La tierra desazoga el espejo del agua y esa agua enterrada se llena de angustiosa inquietud. De ese fiero desasosiego nace el barro, nido de dolor en los humildes aleros de nuestros hermanos de Valencia y Albacete.
Agua, tierra y barro, elementos potencialmente poéticos cuando se toman en conjunto o por separado. Mansas potencias que nos hablan en los días pacíficos de enormes espacios de belleza, quietud y esperanza y que, sin embargo, cuando se alían de la mano de la furia se convierten en un infierno que va arrasando todo cuanto encuentra a su paso, cegándolo en lo esencial y primigenio: la luz y el aire.

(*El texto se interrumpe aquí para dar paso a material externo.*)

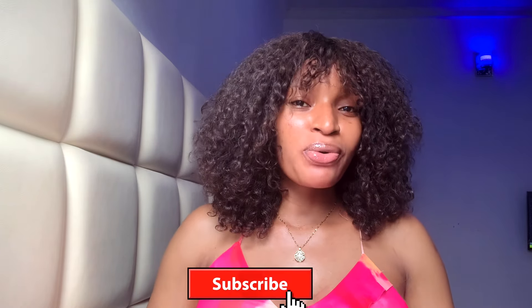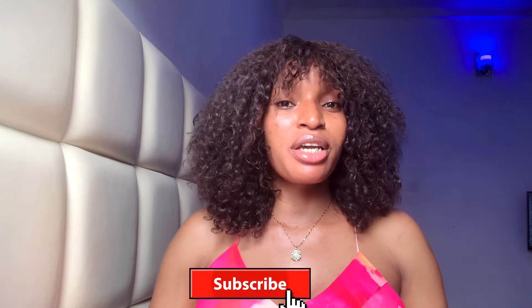Hey guys, welcome back to my channel. If you're new, please subscribe and turn on the notification bell to get notified first anytime I upload a new video. In today's video I'm going to be talking about how to get a brighter and also an even skin tone from your head to toe.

Estos días, muchos hombres y mujeres que han contemplado emocionados el prístino manantial, la maravilla del mar, que han remontado los cursos de los ríos, que han labrado la tierra y moldeado el barro, se han visto atrapados, arrastrados, enterrados en vida por esos mismos elementos, fundidos en un vértigo imposible e irresistible que no ha dudado en destruirlos.
La esencia de la vida es entender la resistencia, no hacerlo, no querer comprender, aferrarse a lo que debe ser, a lo que es, para que el agua, la tierra y el barro la respeten y se respeten en el manso discurrir de sus días en común.
Lejos de esa sana cerrazón está la razón de los elementos desatados. Que más da cómo los nombremos, nada podemos hacer lejos de negarlos y debemos hacerlo con la firmeza que impone la cordura de guardarnos de ellos.